If you follow the mastery process through constant practice, inspired by profound interest you cannot fail to produce exceptional work.
A career in the arts industry is not a walk in the park as most people might be thinking. Yes, the schedule will be flexible but the paycheck might not be as regular. Just like entrepreneurship, the creative business has been glamorized while downplaying the various challenges faced by upcoming creatives. Every artist faces a unique set of challenges but the following tend to cut across the board: - Constantly creating great work, gaining publicity, cash-flow e.t.c
Let’s look beyond the challenges for now. You’ve made up your mind not to keep your creative works to yourself, when people ask what you do, you don’t fail to mention your art and most importantly you’ve decided to do it on a full-time basis. How do you make cash off it?
Commitment and practice
It’s understandable for struggling artists to be forced by circumstances into having regular jobs and doing their crafts on the side or on need-basis before anyone finds their works worth paying for. However, in art, passion and practice go hand in hand. If you follow the mastery process through constant practice, inspired by profound interest you cannot fail to produce exceptional work.
As an artist with a regular job, you’ll need to dedicate a substantial amount of time to your art too. Would you expect your hands to maneuver in a constructive way if all your time is spent on your construction or bartending job?
Create a supportive network
There’s no defined roadmap for a professional artist to follow as one pursues their craft. Having no standard path to be followed means you’ll never tell when your career will “bloom.” Therefore, it’s critical when you are starting out to identify and connect with communities that will support your work.
Artists have been known to create collectives through which they support and develop each other and at the same time put their efforts together to gain visibility.
An artist mentor will come in handy for you. An artist mentor will not only counsel, inspire and motivate you but will also share his/her invaluable experience i.e. their career path. Be sure to get someone with the same skills and vision as yours.
Treat it like a business
Financial accountability-having the mentality that you should sacrifice everything for art can land you into a financial quagmire. For example, you don’t have to go pay for that expensive workshop when your rent is due. Accounting for your art-related expenses is not only important in knowing the cost of creating your works but also it also informs pricings and future financial projections.

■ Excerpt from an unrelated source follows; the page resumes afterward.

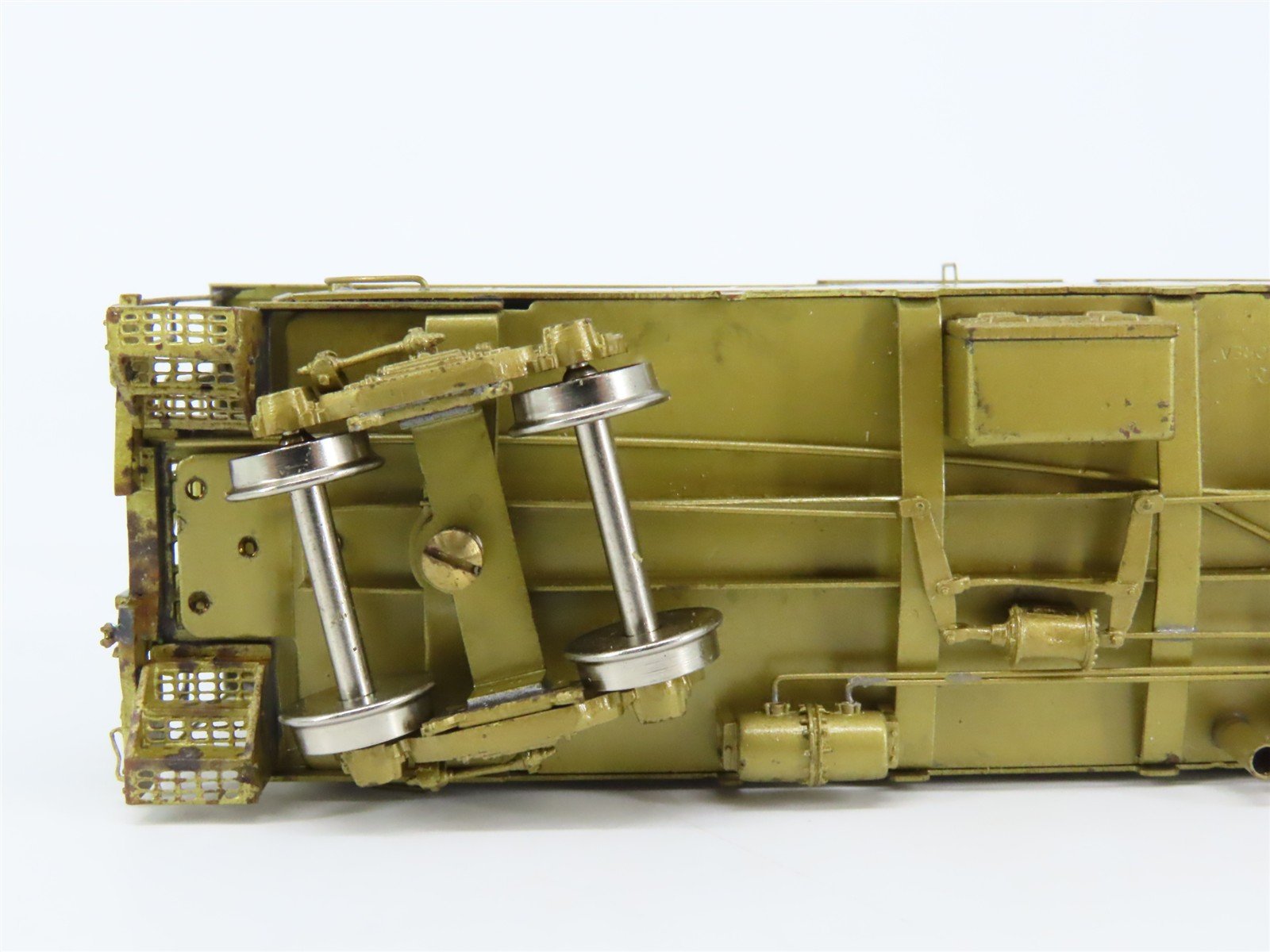HO Overland/Ajin BRASS OMI-1159 Undecorated UP CA-8 Center Cupola Steel Caboose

When hosting a gig, it’s okay to invite the people who support you most. Unfortunately, in most instances, friends rarely buy your stuff. Be keen on who you invite and it’s best you focus on growing your fan base.

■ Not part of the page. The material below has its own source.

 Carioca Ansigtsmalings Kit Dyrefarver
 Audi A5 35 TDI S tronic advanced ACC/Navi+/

Whether it’s a product or service, its value is pegged on quality. Speaking of quality, doing stuff out of the norm might not be a good idea but is an asset to the art industry. Forbes Contributor Jessica Hagy explains how eccentric work is valuable in relation to art in her post, “Why weird is wonderful (And bankable).”
Bottom line, put yourself out there. Give your art career the momentum it needs by interacting with people who will bring attention to it such as bloggers and photographers. Don’t be afraid to put a price on it, commercial talk about your artwork shouldn’t be a hush-hush subject.